The phrase "Let me write the EAGLE-3 training doc and simultaneously test n-gram speculation" reveals the assistant's strategy of parallel execution. Rather than writing the document and then starting the n-gram test, the assistant intends to dispatch both workstreams concurrently. In practice, the message only shows the write tool call — the n-gram test would begin in the next message ([msg 2483]) when the assistant checks the running process's command line to see if speculative decoding can be added dynamically or requires a restart.
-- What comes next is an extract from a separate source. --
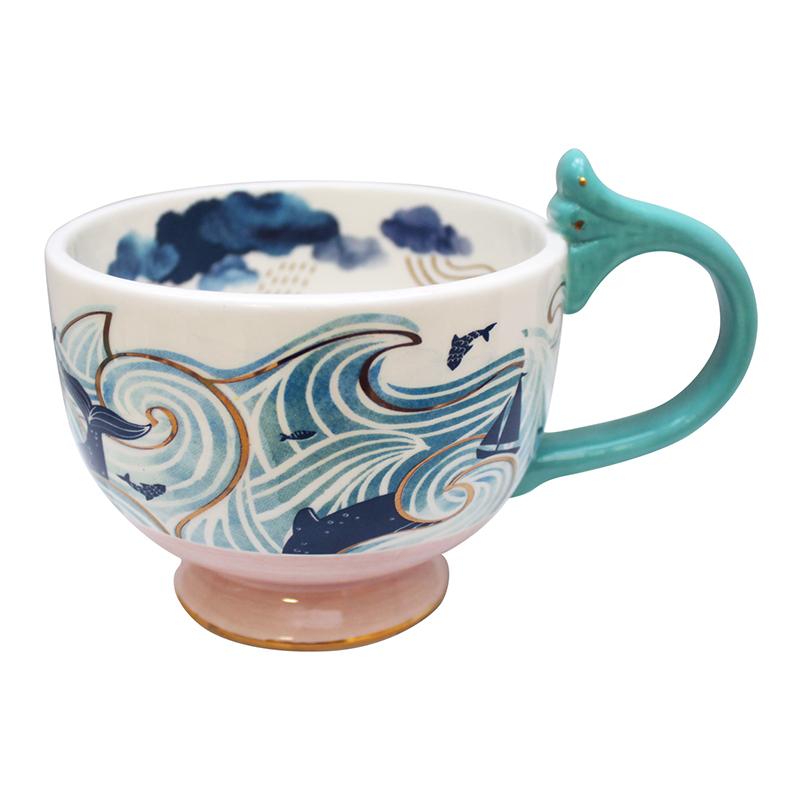 By The Sea Storm in a Teacup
The LSP diagnostics at the bottom of the message are an artifact of the development environment. They report errors in a file called server_args_sm120.py that was part of an earlier SGLang SM120 compatibility investigation. These errors — import resolution failures, syntax issues — are pre-existing and unrelated to the current task. The assistant correctly ignores them, recognizing them as noise from a different workstream.

Input Knowledge Required

To understand this message, one needs to know that the Kimi-K2.5 model is a 1-trillion-parameter MoE architecture deployed across eight Blackwell GPUs connected via PCIe. One needs to understand that AllReduce was identified as the dominant bottleneck at 51.5% of decode time, and that speculative decoding was being investigated as a mitigation strategy. One needs to know the five-option taxonomy from the research report, and specifically that Option A was n-gram speculation (a five-minute experiment) and Option D was custom EAGLE-3 training (a one-to-two-week project). One needs to understand the EAGLE-3 architecture itself: a lightweight draft model that predicts multiple future tokens from intermediate hidden states of the target model, enabling parallel verification.

Output Knowledge Created

This message created the next-steps-eagle.md document — a concrete, actionable plan for training a custom EAGLE-3 speculative decoding head for Kimi-K2.5. The document served as both a reference for the immediate implementation work and a specification for the hero run on rented hardware. It established the data pipeline, the training configuration, the hardware requirements, and the decision criteria for upgrading to B200/B300 machines. In the broader context of the session, this document would become the blueprint for the entire EAGLE-3 implementation effort that occupied the remainder of Segment 20.

Significance

The subject message is, in many ways, the hinge point of the speculative decoding investigation. Before it, the work was research and analysis — understanding the problem space, evaluating options, reading papers. After it, the work becomes implementation — writing scripts, patching libraries, running experiments. The next-steps-eagle.md document is the bridge between these two phases, capturing the distilled knowledge from the research phase in a form that can guide the implementation phase. The fact that the assistant wrote this document in a single tool call, synthesizing hours of research into a coherent plan, speaks to the depth of understanding achieved in the preceding messages. The message is brief, but it carries the weight of everything that came before and everything that would follow.